Texas family courts encourage the continuation of strong parent-child ties when parents separate or divorce. Some parents, harboring hard feelings toward an ex, find child custody or visitation arrangements difficult to support. Most parents resolve issues over parenting arrangements with or without the court’s help — some parents take the child and flee.
The mother of a 10-year-old boy was arrested recently when she stepped off a plane in Dallas-Fort Worth. The woman, a green card holder from India, was married to the child’s Texas father in 2003. The marriage was brief, but a custody battle ensued that ended with a court order in 2006, awarding the father primary physical custody.
A year later, the mother took the child, then about 3, and fled to India. During the next seven years, the woman and boy traveled throughout Europe and Asia. The U.S. father employed a private investigator and engaged federal officials to try to reunite with his son.

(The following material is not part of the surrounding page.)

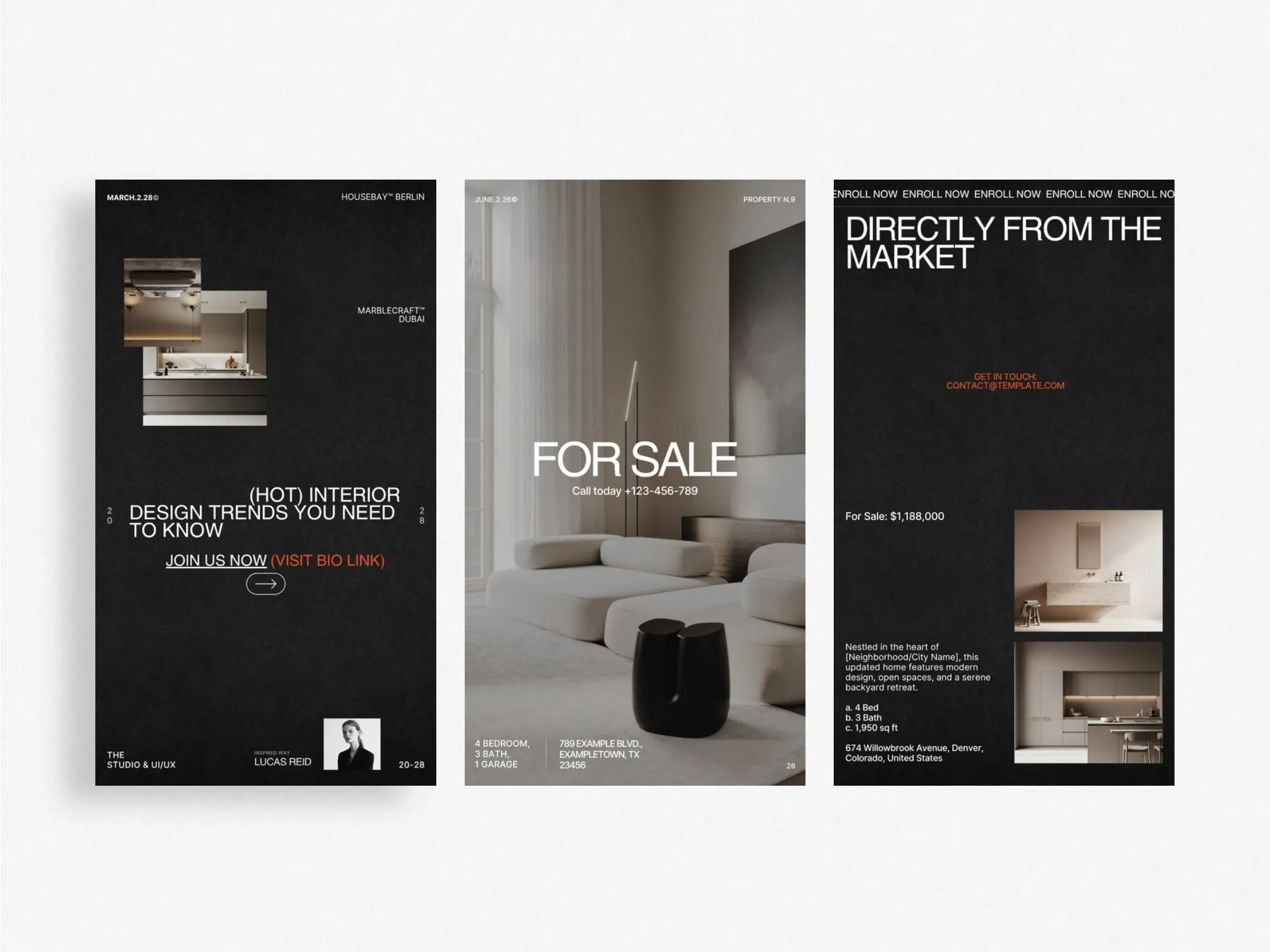 Promote properties with style using this Instagram property tour stories bundle, featuring 120 ready-to-edit Canva templates for realtors.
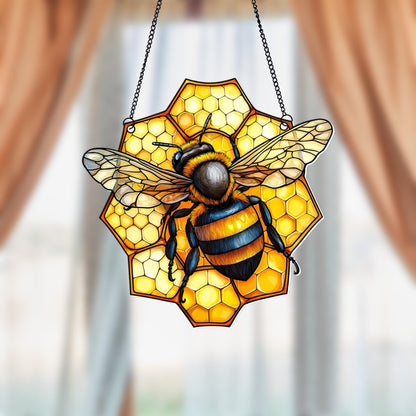 Honey Bee and Hive Acrylic Window Hanging Decoration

The task of getting a child back is frustrated by countries’ conflicting family laws. India is not a participant in the Hague Convention on the Civil Aspects of International Child Abduction. The treaty supports returning an abducted child to his or her country of “habitual residence” – the country from which the child was taken.
The boy, who accompanied his mother, saw his father for the first time in seven years. The mother, denied access to her son and facing felony child custody interference charges, has chosen to stay in Texas until the criminal and custody issues are resolved.
Parents violate the Texas Penal Code when they retain or take a child against temporary or permanent child custody orders. This applies when a parent removes a minor child to a location outside the court’s jurisdiction area, including across state lines and out of the country. Federal officials reported more than 700 international abductions cases last year.